The business secretary, Vince Cable, has claimed to be ending “the darker side of capitalism” by announcing he will press ahead with a new public register on company ownership to track the ultimate owners of UK companies, so making it more difficult for firms to evade tax or funnel corrupt funds.
Richard Murphy of Tax Research UK explains why the proposal as it stands won’t work and the small change that would make it effective:
My proposal was based on the simple fact that, as a matter of fact, every bank that now opens an account for a UK company is required by law to identify the beneficial owners of that company before they can proceed. Therefore, given that the vast majority of UK companies bank with UK banks, there is already available all the information that is needed to create this register of beneficial ownership and all we need to do is require that banks submit this information, which they already hold, to Companies House once a year to confirm that they are, first of all, running a bank account for the company in question (which then also proves that the company is trading, meaning that they are necessarily going to be required to submit a corporation tax return as well) and secondly that their ownership has been proven.
He tackles the opposition to making the proposals more robust:
As the Guardian reports this morning:
[B]usiness interests including the CBI, the Institute of Directors and the Law Society have mounted a rearguard action to kill off the plan, saying unilateral action would leave British firms at a competitive disadvantage.
The CBI had told the business department it would prefer a multilateral but private register. It had also warned of “foreseeable concerns around the security and use of publicly available data, such as the ‘profiling’ of individuals based on their company holdings or the targeting of individuals with holdings in certain companies.
The accountants Deloitte said a public register would discourage foreign investors in UK property and “over-expose the financial position of potentially vulnerable individuals such as children who are the beneficiaries of trusts, or indeed any beneficial owner who has valid reasons to want to protect their privacy”.
This is straightforward baloney. (I am trying to be kind here). To suggest that children will be at risk because they have property in trust is absurd: the fact that they have property is always widely advertised by things like living in large houses, going to very expensive schools and their parents’ conspicuous consumption on things like cars. And then there’s always the media. So Deloittes are simply being disingenuous.
As for the CBI, this is equally hypocritical. Have I heard such howls of protest from them about the sale of tax data to private companies? Oddly, no. And what, may I ask, is wrong with holding people to account for their decisions?
Now I am not accusing Deloitte, the CBI or the Law Society of being on the side of criminals, fraudsters and tax evaders. But just as is the case with their support for offshore secrecy their opposition to any element of transparency always happens to coincide their interests with those of such groups.
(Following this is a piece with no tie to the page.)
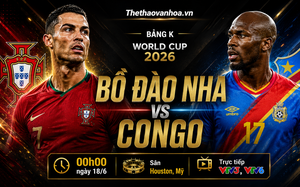 Đội hình dự kiến Bồ Đào Nha vs Congo (bảng K World Cup 2026): Ronaldo lĩnh xướng hàng công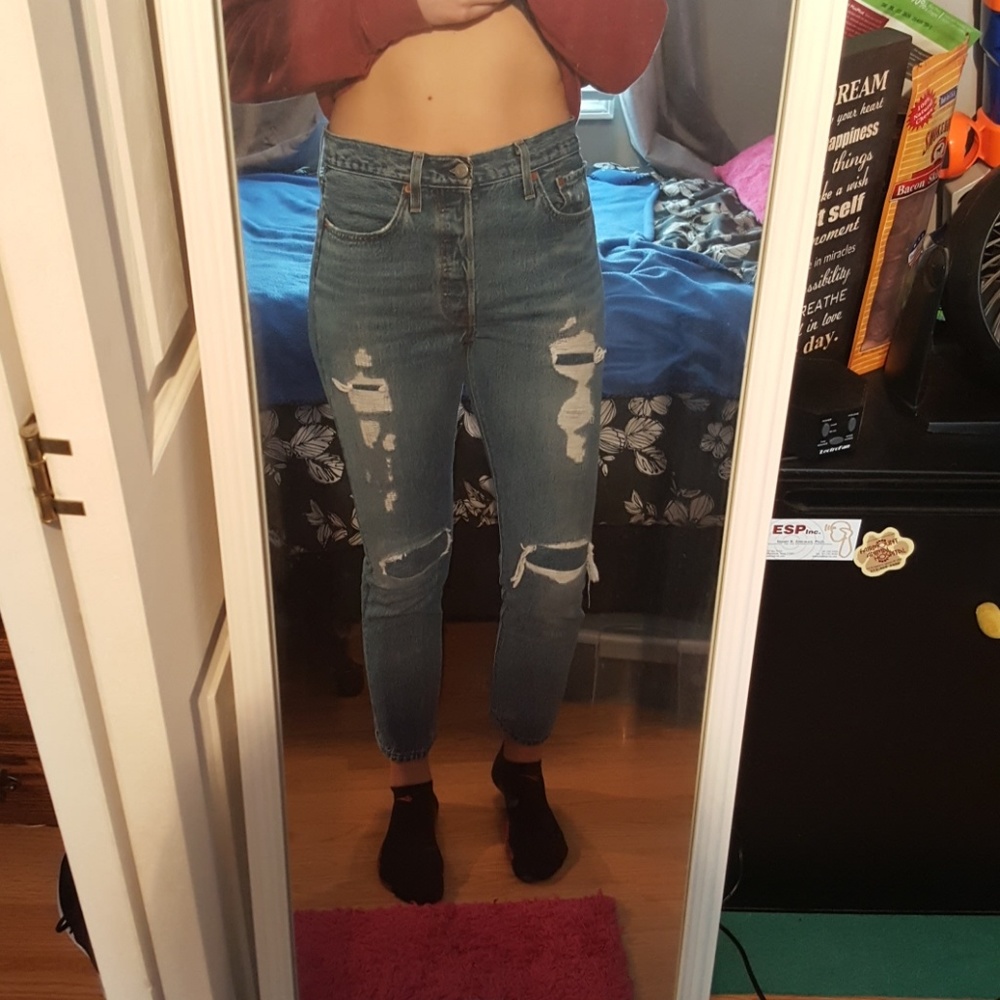 Levi's 501 skinny jeans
I know that what the CBI, Law Society and Deloitte all want is the opportunity to accumulate wealth unaccountably behind as many veils of secrecy as can be put in the path if those seeking to know what they are doing but that, of course, is exactly what the fraudsters, criminal and tax evader wants as well.
These ‘pillars of society’ should really think a little harder. Through their desire to promote their own selfishness (there is no other word for it) they seek to undermine the society that gives them their wealth. By wanting to destroy transparency and accountability they threaten democracy, which has been the bedrock of wealth.
It is this sort of thing that gives the impression that accountants and lawyers are enablers of a very unpleasant regime.